Il fixait son téléphone, à l'entente de ma voix il releva la tête puis se contenta d'un léger sourire, directement après il reposa ses yeux sur son mobile. Son téléphone sonna, il répondit instantanément, sûrement un coup de fil important. Avant même que je lui annonce le prix, et malgré le fait qu'il soit au téléphone, Monsieur Canon me tendit un billet que je saisis, surpris de la vitesse avec laquelle il l'a sorti. Je n'avais même pas eu le temps de lui rendre sa monnaie que le jeune homme saisit son bouquin avant de sortir très rapidement du magasin, m'adressant seulement quelques mots au passage.

- Une urgence. Gardez la monnaie.

Pendant quelques secondes mon regard resta rivé sur la porte du la boutique, regardant mon magnifique étranger s'éloigner à vue d'œil.

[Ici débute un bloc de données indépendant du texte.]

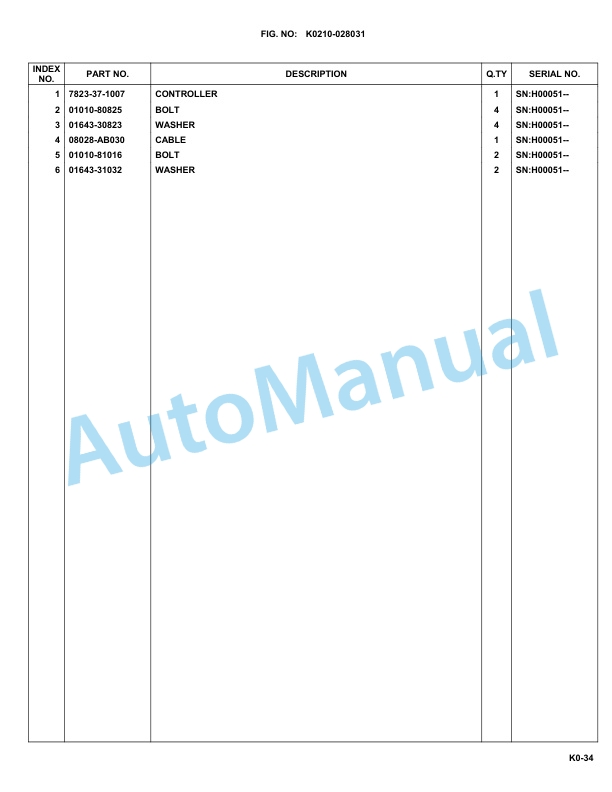 Komatsu WA200-6 Parts Catalog H00051-Up-5
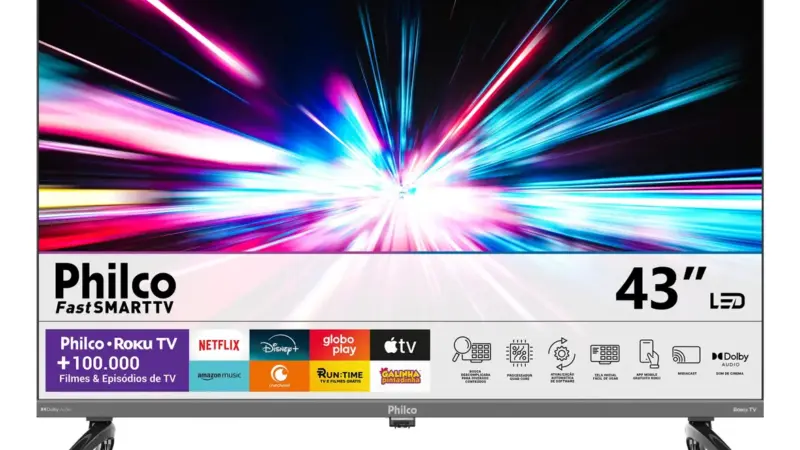 Três opções de Smart TV de 43 polegadas em oferta, com recursos como HDR e Dolby Audio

Il était dix huit heures lorsque je terminais mon dernier jour de travail à la librairie. Soledad n'était pas rentrée depuis son départ, ça ne m'inquiétait pas plus que ça d'ailleurs. Elle avait souvent l'habitude de faire ça, elle partait faire une course et ça pouvait facilement terminer en virée shopping pour toute l'après-midi. Si j'avais raison elle m'avait sûrement envoyé un message pour me prévenir. Je glissais donc ma main droite dans la poche de mon jean de manière à sortir mon téléphone. J'avais bel et bien reçu un message et comme je l'avais prévu il était de Soledad et son après-midi s'était déroulé comme je l'avais deviné quelques secondes plus tôt. Pour la dernière fois, je pris donc les clés de la boutique, sortit et ferma les portes avant de baisser la grille métallique qui protégeait en quelque sorte le magasin. Une fois fait, je glissais les clés dans la boîte aux lettres de la boutique pour que Soledad puisse les récupérer le lendemain matin lorsqu'elle viendra ouvrir la librairie.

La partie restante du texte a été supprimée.